D’ailleurs, la double page où les 28 pingouins mentionnés sont peints dans différentes situations  l’illustre parfaitement : « Devant moi, il y en cinq qui nagent, deux qui s’apprêtent à plonger, un qui se demande ce qu’il va faire et deux qui sortent de l’eau. » L’enfant va alors tenter de les reconnaître.

Ce jeune narrateur interroge sa mère, les soigneurs du zoo, et à chaque fois qu’un événement lui semble un peu différent, il ponctue ses observations d’un « C’est comme ça, et pourquoi pas ? ». Appliquée de manière graduée à des faits très divers tels que le fait d’aimer son chat, l’amitié entre animaux, les câlins du couple manchot, ou encore la paternité, ce leitmotiv est là pour relativiser. Il agit comme une protection contre toute polémique. Il signifie que la différence ne doit pas être perçue comme négative.

Publié une première fois en 2005 aux Etats-Unis sous le titre And Tango makes three, coécrit par Justin Richardson et Peter Parnell, l’ouvrage s’était en effet attiré les foudres d’une certaine censure. S’il affirme inconditionnellement l’importance de l’amour, l’album ne prend pas position ; il pointe des faits existants, postulant que la prévention de l’intolérance passe par la lutte contre l’ignorance.

Pourtant, celui-ci a été pour la seconde année consécutive intégré à la liste des livres les plus contestés dans les écoles publiques, mais également dans les bibliothèques, selon l’American Library Association.
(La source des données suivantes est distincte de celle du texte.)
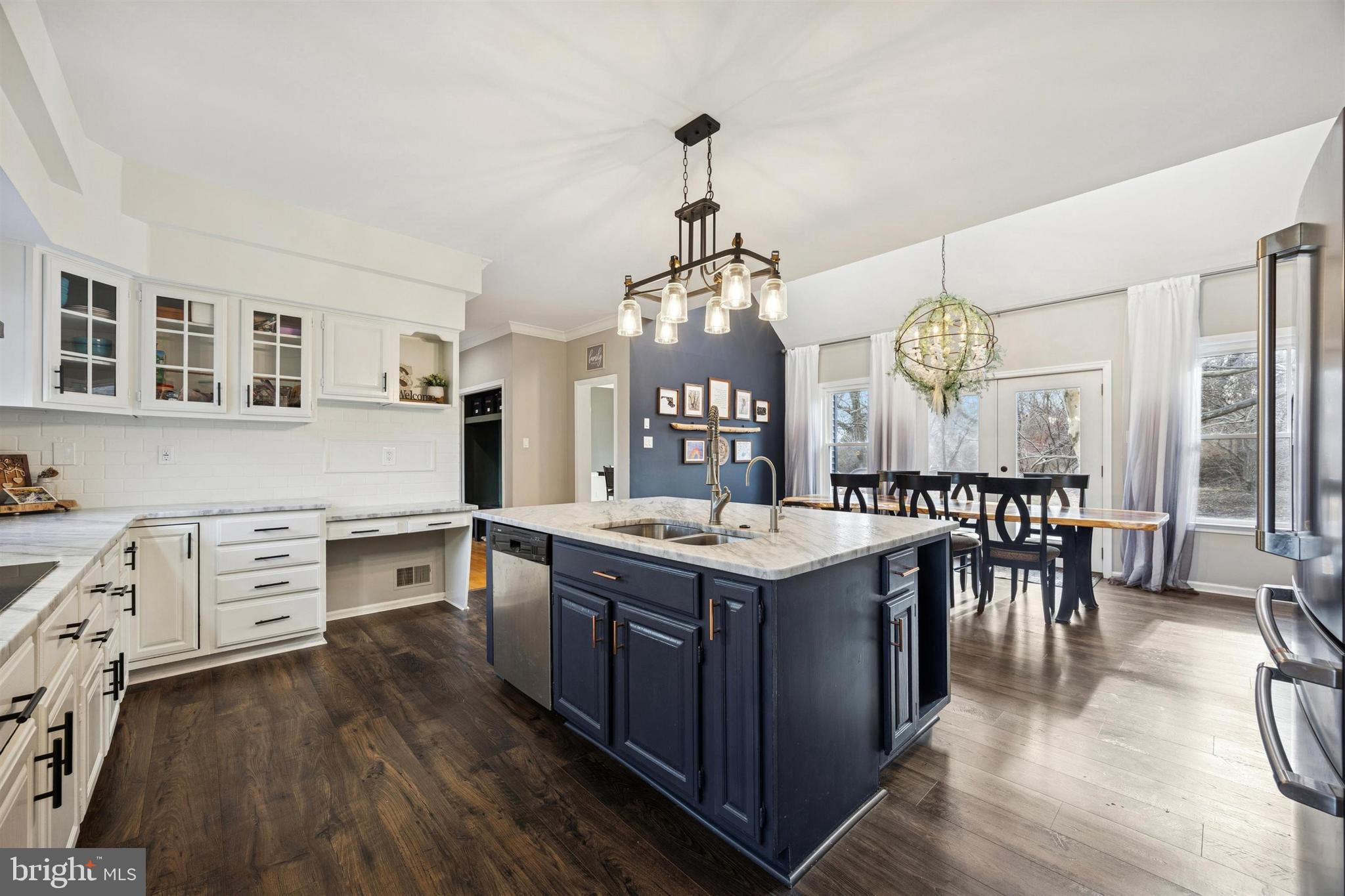 BARTON MEADOWS - Residential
Fort heureusement, la démocratie française permet une liberté d’expression assurée.

Béatrice Boutignon a bel et bien réussi à familiariser l’enfant avec l’homosexualité et l’homoparentalité, et cela à travers  cet ouvrage très réussi dont la délicatesse avec laquelle il aborde ce sujet est exemplaire.

Les illustrations à l’aquarelle, pas toujours très flatteuses pour les humains, montrent de manière détaillée et sous toutes ses faces l’évolution physiologique d’un bébé manchot absolument craquant.